Being up before the rest of the world is kind of fun, though. The house is still and quiet, except for May Bee, who is snoring LIKE A LUMBERJACK. (When the reading lamp beside the bed came on, she came over for a cuddle, but afterwards, I made her get back on her pillow in the corner of the bedroom...the sleepy world just isn't ready for her braying bark at three in the morning.)

And it's a good time to read, too! Snuggly under the covers with the world fast asleep...delicious, in fact, if the alarm clock and WORK and the thought of being onstage tonight weren't looming large. Oh, well...here's the Thomas Merton prayer I read and loved this morning:

"My Lord God, I have no idea where I am going. I do not see the road ahead of me. I cannot know for certain where it will end. Nor do I really know myself, and the fact that I think that I am following your will does not mean that I am actually doing so. But I believe that the desire to please you does in fact please you. And I hope I have that desire in all that I am doing. I hope that I will never do anything apart from that desire. And I know that if I do this you will lead me by the right road though I may know nothing about it. Therefore will I trust you always though I may seem to be lost and in the shadow of death. I will not fear, for you are ever with me, and you will never leave me to face my perils alone."
--Thomas Merton, Thoughts in Solitude

How comforting! It's okay to have no clue about which house to buy or how you're going to afford it on a public school teacher's salary. We serve a Creator who loves us more than we love ourselves...One who will never, ever leave us. Everybody has money worries--for lucky Americans, it's usually about mortgages, car payments, and college tuition.

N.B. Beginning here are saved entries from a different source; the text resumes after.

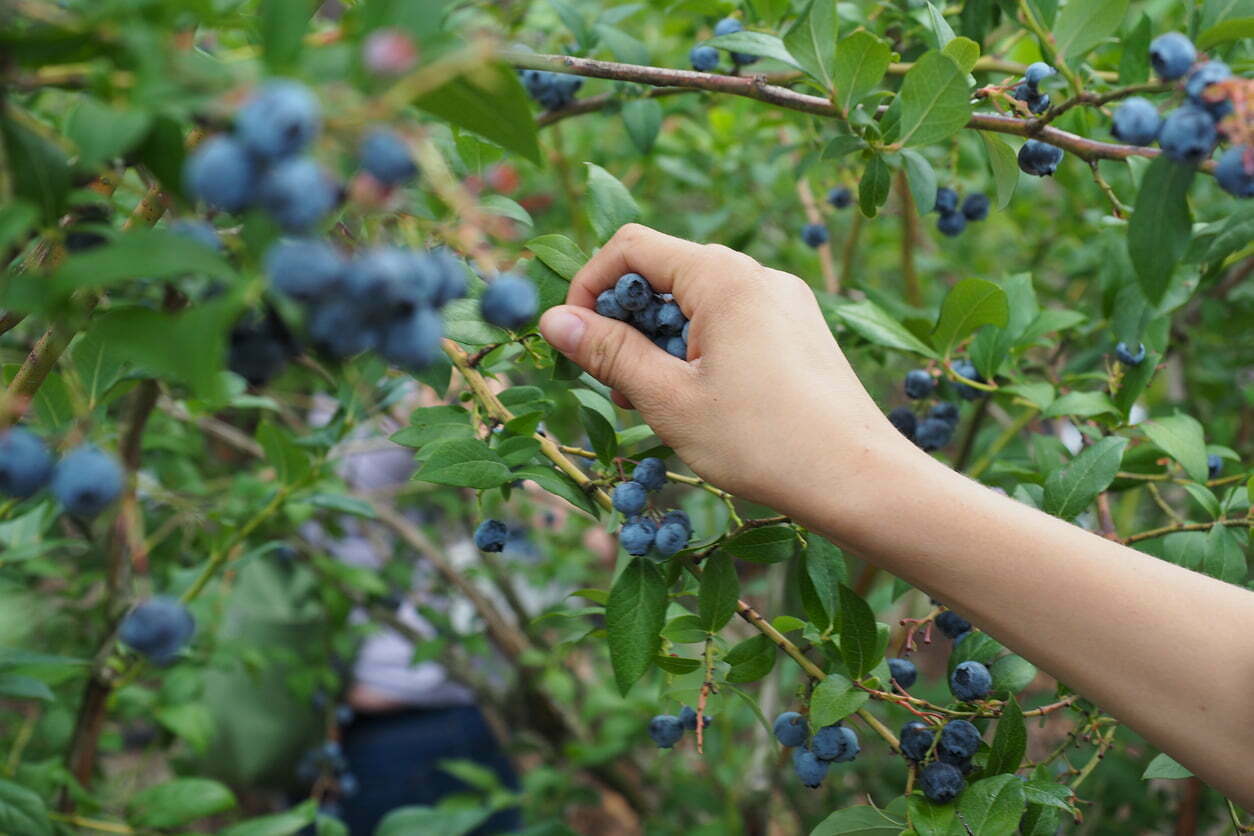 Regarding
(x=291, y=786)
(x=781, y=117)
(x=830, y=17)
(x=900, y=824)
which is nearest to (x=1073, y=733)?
(x=900, y=824)

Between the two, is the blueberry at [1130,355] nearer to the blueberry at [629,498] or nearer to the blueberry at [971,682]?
the blueberry at [971,682]

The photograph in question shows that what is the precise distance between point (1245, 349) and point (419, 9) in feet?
7.38

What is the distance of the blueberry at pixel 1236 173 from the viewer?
0.74m

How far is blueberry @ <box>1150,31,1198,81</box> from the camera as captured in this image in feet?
2.59

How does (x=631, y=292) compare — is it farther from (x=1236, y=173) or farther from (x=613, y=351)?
(x=1236, y=173)

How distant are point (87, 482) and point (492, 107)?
12.9 inches

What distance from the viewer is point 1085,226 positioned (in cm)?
239

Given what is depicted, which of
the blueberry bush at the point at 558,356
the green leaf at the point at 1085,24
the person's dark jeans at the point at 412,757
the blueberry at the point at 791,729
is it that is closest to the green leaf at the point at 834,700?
the blueberry bush at the point at 558,356

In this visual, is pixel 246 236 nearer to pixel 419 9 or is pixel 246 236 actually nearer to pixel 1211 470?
pixel 419 9

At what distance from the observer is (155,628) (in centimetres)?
70

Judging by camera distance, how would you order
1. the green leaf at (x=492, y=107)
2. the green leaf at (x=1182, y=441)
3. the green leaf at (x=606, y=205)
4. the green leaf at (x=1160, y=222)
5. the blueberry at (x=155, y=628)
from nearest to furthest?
the green leaf at (x=492, y=107), the blueberry at (x=155, y=628), the green leaf at (x=1160, y=222), the green leaf at (x=606, y=205), the green leaf at (x=1182, y=441)

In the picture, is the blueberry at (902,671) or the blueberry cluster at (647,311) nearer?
the blueberry cluster at (647,311)

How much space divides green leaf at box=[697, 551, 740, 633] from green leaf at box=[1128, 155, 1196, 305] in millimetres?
479

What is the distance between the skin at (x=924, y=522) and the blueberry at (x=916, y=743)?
157 millimetres
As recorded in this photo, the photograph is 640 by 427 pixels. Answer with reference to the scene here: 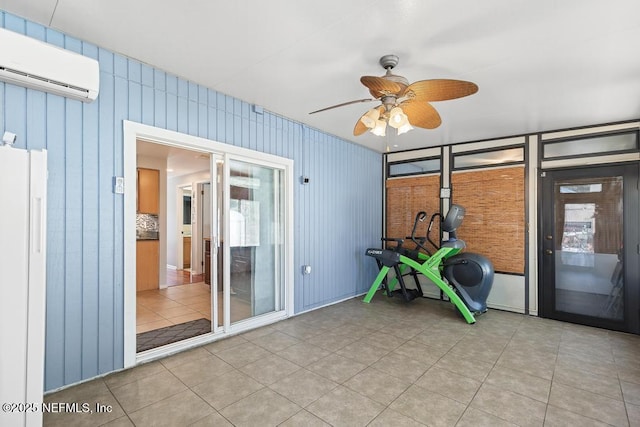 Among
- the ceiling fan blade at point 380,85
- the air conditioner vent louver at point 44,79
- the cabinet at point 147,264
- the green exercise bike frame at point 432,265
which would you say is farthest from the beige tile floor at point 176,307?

For most people in this world, it's how to feed a family or pay for a funeral or how to get a child medical care. Kind of puts my worrying into perspective...and almost makes me want to get back in bed.

Almost.

Wednesday, April 02, 2008

Staircase vs. Highway

The best thought from today's faculty meeting came from our principal:

"It's a STAIRWAY to Heaven...it's a HIGHWAY to Hell. The stairway is difficult, and it takes effort to climb, and each year you grow older or have a few extra pounds to carry, and the staircase gets even harder! And sometimes you may be tempted to slide along that wide, even, easy highway with all the rest, but I assure you, ladies and gentlemen...Heaven will be worth it. Keep climbing that staircase."